- **What this task involves**
Copy out exactly the lines spanning the line with "Kids Ghostface Costume" to the line with "Smiling businesswoman standing", inclusive, from the data underneath, with no pictures.

Provided data: Begin

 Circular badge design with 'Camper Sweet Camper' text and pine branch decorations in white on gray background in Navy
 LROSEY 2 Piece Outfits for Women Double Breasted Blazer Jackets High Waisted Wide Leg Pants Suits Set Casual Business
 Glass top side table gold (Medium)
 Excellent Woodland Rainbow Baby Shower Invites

Provided data: End
Provided data: Begin

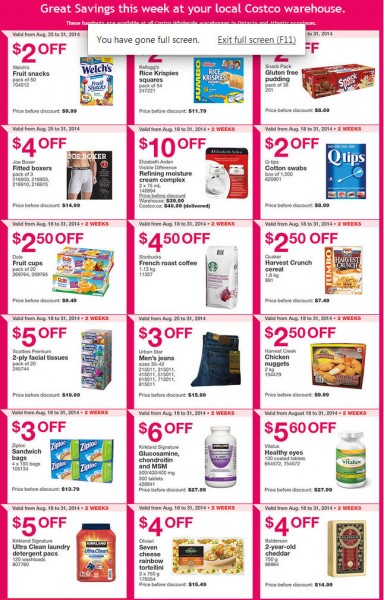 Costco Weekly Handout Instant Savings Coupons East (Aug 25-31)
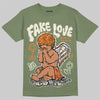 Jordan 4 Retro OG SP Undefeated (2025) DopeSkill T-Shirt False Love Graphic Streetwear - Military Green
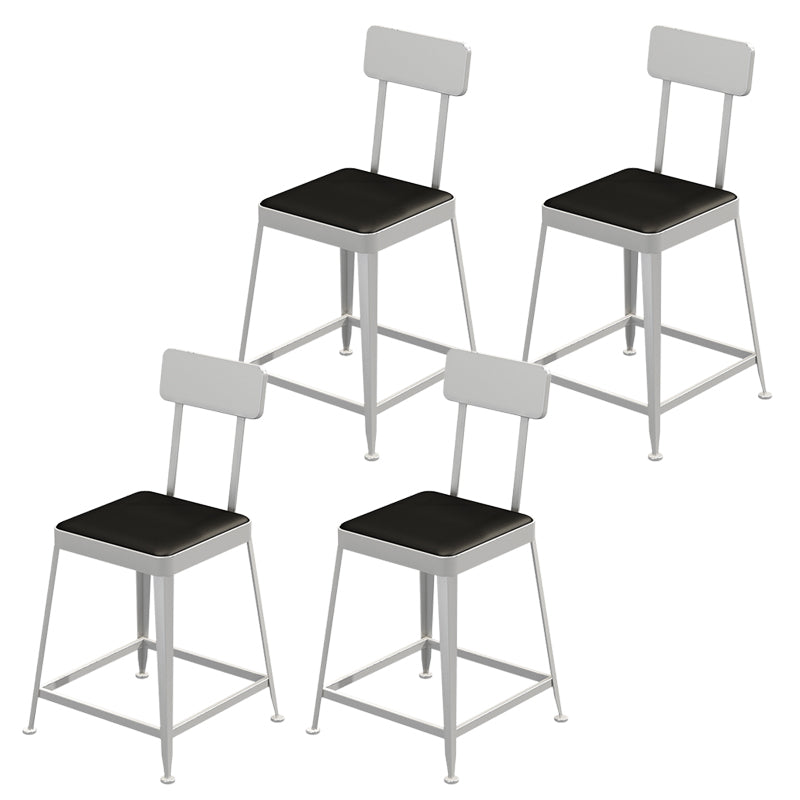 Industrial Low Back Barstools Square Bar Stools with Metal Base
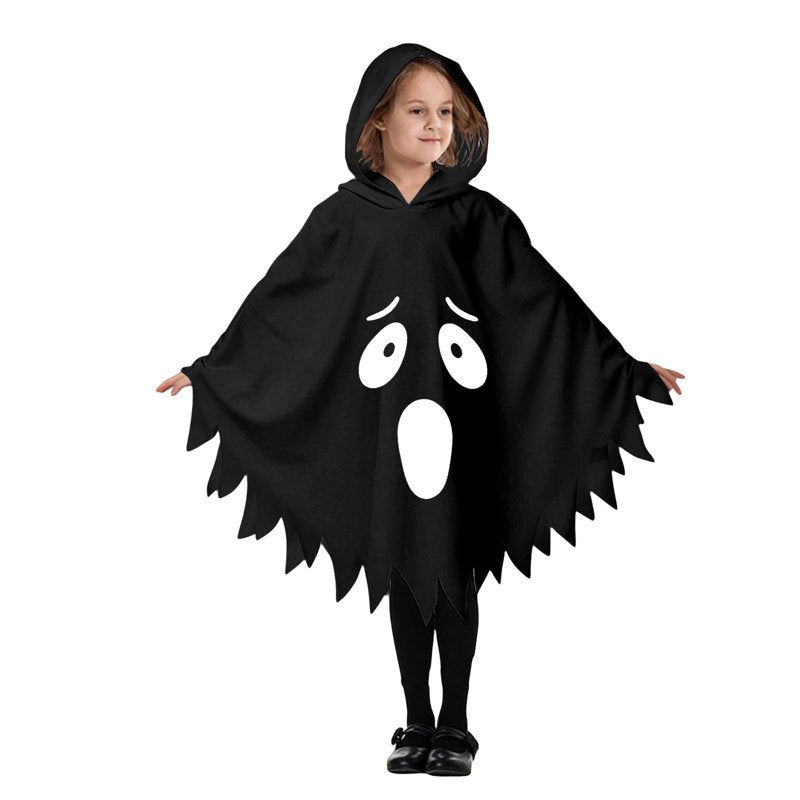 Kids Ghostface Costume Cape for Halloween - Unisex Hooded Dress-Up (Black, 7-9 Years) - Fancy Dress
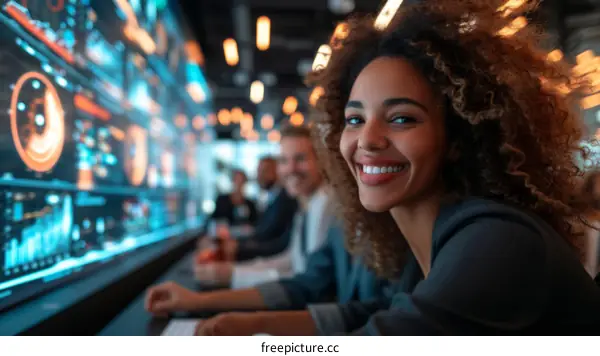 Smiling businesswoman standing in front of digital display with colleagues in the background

Provided data: End
Provided data: Begin

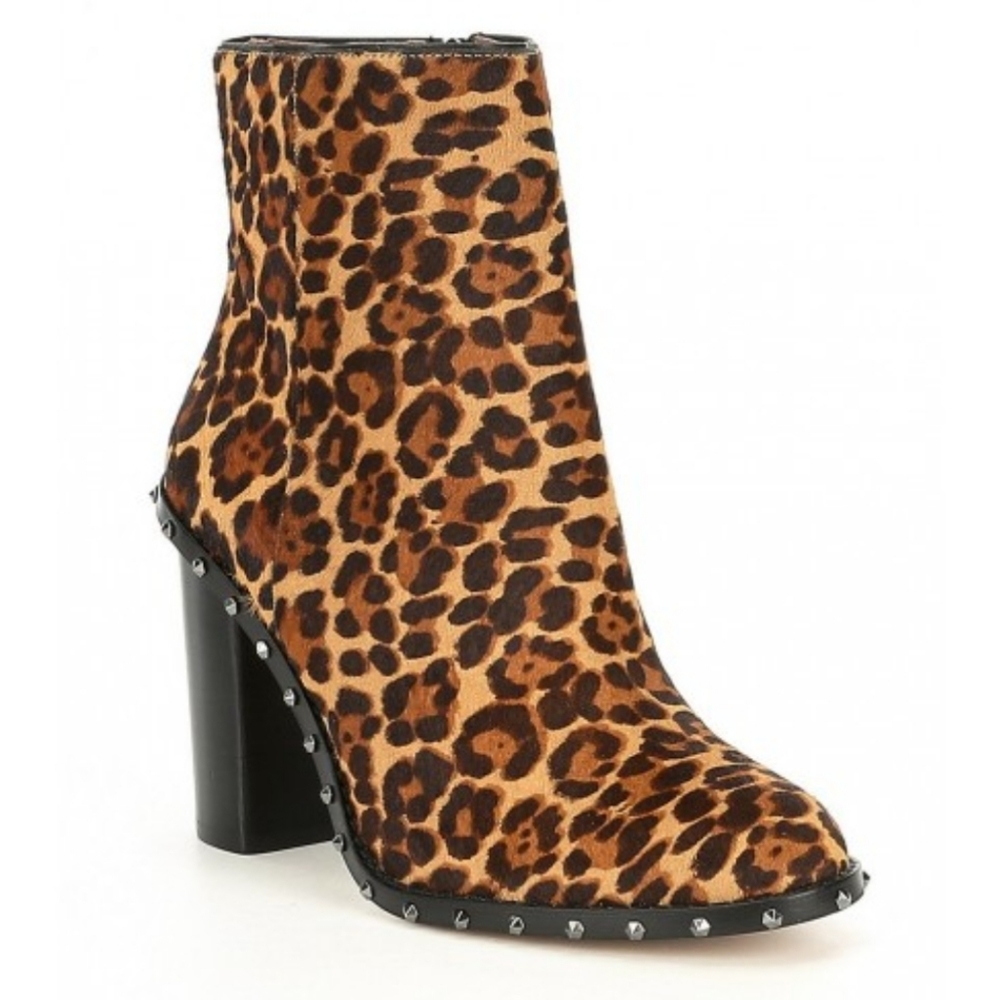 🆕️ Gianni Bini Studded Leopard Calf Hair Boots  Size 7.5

Provided data: End

- **Solved problem**
 Kids Ghostface Costume Cape for Halloween - Unisex Hooded Dress-Up (Black, 7-9 Years) - Fancy Dress
 Smiling businesswoman standing in front of digital display with colleagues in the background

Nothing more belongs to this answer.